How does this affect NVMe SSDs? Well, in low-power laptops we can find interfaces layered in bandwidth in order to reduce the energy consumption of NVMe data transfer. So once these units replace the hard drives of a lifetime in these computers we will see a lower performance in the NVMe SSD of these computers and therefore in the games that run on those computers have performance limitations despite use an SSD compared to desktop PCs.

SSD memory channels as limitations

PS5 Southbridge Annotated

The fourth of the limitations of SSDs in games has to do with the memory channels between the flash controller and the NVMe chips. As with RAM, the number of memory channels corresponds to the number of PC components that can access the data on the SSD at the same time. So a low number of memory channels means that a part of the copy requests to and from the SSD will have added latency by having to keep waiting.

The number of channels on an SSD corresponds to the number of NVMe chips on the board, so a low-channel flash controller will never perform as well. Taking into account that more chips mean higher costs and that the cost of storage is expensive, we can fall into the error that an NVMe SSD of a certain amount of storage has the same performance as another with the same amount.

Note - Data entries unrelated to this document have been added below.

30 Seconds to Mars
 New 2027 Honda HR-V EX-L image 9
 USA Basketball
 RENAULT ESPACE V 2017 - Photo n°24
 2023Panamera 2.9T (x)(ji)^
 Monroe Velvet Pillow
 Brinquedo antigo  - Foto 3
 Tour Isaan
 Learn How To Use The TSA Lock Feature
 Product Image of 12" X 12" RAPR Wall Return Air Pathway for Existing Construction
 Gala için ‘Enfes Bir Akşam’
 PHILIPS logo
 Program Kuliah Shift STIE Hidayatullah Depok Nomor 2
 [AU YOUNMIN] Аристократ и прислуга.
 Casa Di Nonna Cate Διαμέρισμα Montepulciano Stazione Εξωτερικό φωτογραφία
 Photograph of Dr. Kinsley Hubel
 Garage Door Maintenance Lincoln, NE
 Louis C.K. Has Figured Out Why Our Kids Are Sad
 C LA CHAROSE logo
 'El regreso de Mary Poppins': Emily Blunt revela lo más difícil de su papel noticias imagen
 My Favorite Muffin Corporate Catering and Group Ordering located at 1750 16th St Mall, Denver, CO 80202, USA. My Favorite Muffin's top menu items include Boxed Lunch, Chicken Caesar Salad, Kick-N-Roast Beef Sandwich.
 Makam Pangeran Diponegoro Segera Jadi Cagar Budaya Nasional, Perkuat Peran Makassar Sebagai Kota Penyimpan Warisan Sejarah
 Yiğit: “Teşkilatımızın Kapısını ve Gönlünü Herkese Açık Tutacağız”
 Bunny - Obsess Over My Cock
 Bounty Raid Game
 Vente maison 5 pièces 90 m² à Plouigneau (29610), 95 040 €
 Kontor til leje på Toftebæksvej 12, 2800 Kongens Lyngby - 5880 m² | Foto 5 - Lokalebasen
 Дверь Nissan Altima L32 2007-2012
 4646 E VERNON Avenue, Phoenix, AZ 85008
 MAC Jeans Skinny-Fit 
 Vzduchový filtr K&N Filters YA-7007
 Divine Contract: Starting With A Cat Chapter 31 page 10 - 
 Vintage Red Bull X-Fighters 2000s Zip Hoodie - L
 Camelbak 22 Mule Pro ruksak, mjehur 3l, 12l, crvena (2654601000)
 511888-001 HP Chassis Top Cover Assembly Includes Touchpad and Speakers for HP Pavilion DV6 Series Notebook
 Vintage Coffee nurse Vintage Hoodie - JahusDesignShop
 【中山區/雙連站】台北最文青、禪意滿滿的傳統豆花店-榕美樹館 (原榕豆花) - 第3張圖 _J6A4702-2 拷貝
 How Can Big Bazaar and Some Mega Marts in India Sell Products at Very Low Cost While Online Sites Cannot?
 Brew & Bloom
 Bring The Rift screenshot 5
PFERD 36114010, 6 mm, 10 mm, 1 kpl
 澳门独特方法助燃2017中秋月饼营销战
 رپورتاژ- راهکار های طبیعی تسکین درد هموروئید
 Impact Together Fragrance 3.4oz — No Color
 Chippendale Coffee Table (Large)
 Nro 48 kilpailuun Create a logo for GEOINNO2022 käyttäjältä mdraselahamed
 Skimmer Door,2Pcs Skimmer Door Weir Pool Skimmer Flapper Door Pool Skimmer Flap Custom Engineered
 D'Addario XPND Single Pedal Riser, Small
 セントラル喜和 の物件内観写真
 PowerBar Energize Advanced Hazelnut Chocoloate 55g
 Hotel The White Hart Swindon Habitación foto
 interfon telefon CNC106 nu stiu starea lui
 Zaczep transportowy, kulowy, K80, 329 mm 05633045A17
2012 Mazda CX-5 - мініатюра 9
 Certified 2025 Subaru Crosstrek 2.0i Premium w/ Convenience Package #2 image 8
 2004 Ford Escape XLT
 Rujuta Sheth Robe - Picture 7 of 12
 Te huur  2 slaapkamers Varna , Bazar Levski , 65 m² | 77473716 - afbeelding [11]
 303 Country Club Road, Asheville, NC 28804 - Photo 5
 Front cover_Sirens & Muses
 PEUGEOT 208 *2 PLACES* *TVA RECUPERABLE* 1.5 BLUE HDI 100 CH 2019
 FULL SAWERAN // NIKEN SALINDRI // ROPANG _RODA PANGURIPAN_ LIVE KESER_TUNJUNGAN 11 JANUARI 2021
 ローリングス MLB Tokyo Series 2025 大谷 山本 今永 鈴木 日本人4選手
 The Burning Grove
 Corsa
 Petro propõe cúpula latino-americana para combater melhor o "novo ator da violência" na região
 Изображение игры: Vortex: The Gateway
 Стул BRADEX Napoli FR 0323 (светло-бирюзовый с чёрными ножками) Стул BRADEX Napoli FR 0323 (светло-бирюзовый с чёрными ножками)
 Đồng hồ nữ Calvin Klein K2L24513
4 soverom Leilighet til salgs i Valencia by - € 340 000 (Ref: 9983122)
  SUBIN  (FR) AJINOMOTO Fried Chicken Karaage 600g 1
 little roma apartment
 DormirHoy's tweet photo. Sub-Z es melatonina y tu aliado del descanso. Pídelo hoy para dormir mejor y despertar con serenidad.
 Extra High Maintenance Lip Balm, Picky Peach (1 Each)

One way to optimize the access is to distribute the sequential data in several units chips of the NVMe SSD, if for example we look for the string “1234” then in a 4-channel SSD each figure may go to one of the memory chips, in order to do so. be able to take all the data at the same time. The problem with this system is that it would only be feeding a single client and therefore causing latency to the rest of the elements on the PC.

The GPU is also a bottleneck

VRAM

With the arrival of DirectStorage, the GPU becomes a client of the SSD disk and therefore of its flash controller, this increases the number of requests to the flash controller. So if we take into account the problem of the memory channels of the SSD when there are several requests from the CPU, now imagine if we add it to the GPU, which is the fifth and last of the limitations of the SSD in games.

Many of the SSD units are not intended to feed with the same performance to systems where the CPU and the GPU make requests to the same, only the CPU, and even with that many applications continue to work without problems with four cores, some of them even with two cores. When the average number of cores increases and the GPU is added, then many flash controllers will lose their performance, not because of speed, but because they are not fast enough to handle sending and receiving data.

So it will be necessary to create flash controllers not faster in terms of bandwidth, but with the ability to support more memory channels and be able to handle a large number.